◆ **SUPPLIED MATERIAL**:
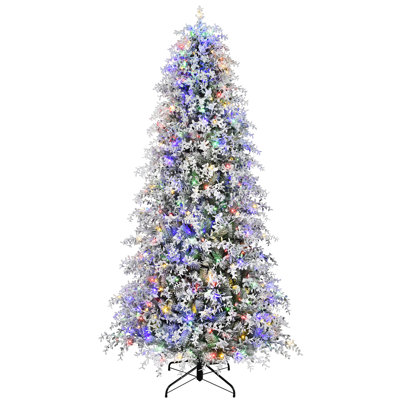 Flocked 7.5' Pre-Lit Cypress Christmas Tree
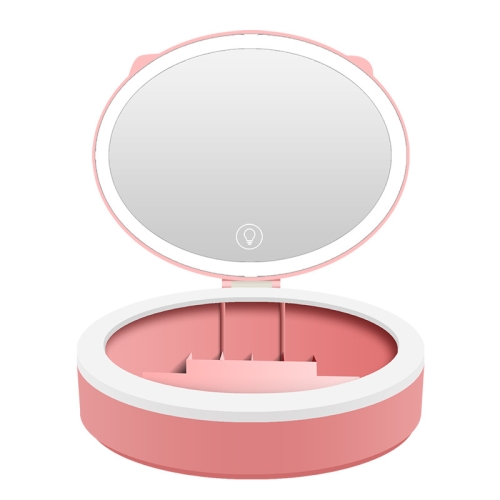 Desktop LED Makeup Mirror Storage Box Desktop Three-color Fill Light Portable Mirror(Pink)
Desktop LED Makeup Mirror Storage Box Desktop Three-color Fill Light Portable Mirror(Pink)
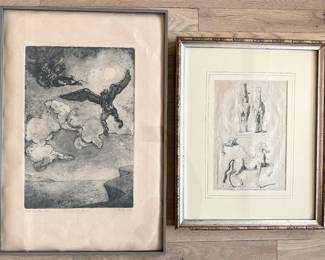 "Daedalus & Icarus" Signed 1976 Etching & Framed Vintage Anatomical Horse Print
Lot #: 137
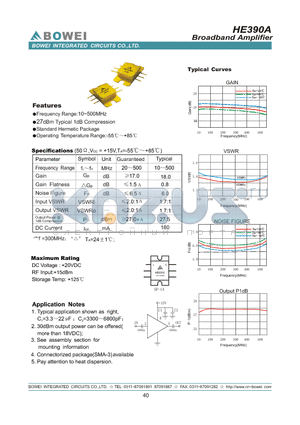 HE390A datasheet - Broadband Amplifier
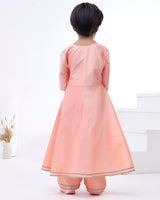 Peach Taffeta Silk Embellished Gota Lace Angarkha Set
==
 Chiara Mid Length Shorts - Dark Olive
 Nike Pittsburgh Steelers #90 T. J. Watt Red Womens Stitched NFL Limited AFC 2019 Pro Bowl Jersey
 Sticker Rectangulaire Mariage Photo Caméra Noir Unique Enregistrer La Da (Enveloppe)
---
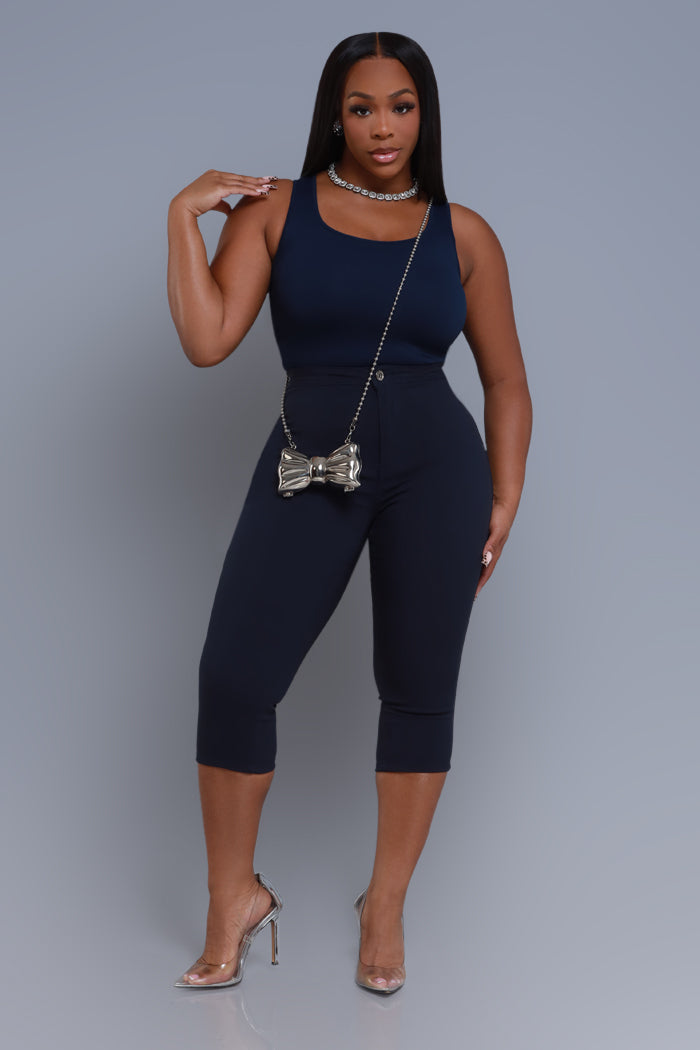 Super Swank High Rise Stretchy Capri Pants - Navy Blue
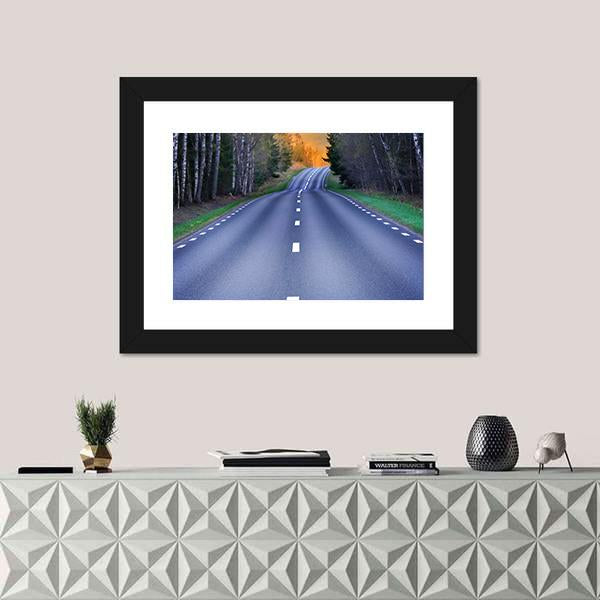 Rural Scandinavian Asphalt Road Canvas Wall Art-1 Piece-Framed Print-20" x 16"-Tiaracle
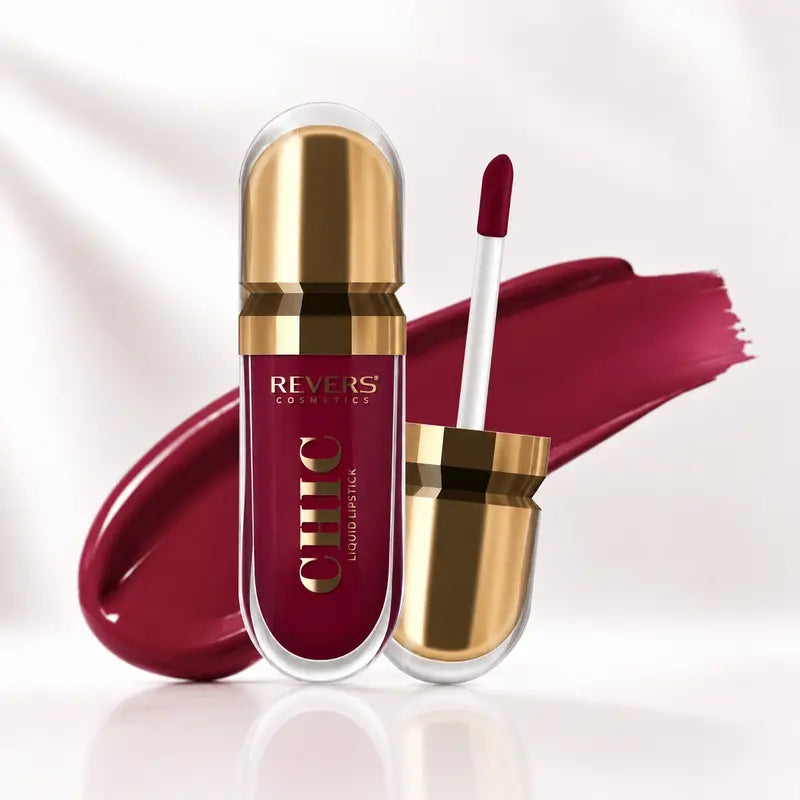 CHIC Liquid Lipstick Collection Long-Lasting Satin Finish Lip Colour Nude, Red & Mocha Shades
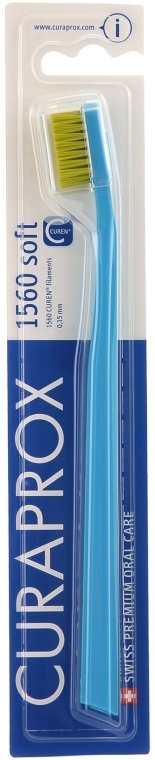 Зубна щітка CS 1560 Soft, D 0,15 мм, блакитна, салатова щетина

◆ **YOUR INSTRUCTIONS**:
From the records above, give again only the part that opens with the line containing "HE390A datasheet - Broadband Amplifier" and closes with the line containing "Peach Taffeta Silk". Keep both ends but drop the pictures.

◆ **RESPONSE AREA**:
 HE390A datasheet - Broadband Amplifier
 Peach Taffeta Silk Embellished Gota Lace Angarkha Set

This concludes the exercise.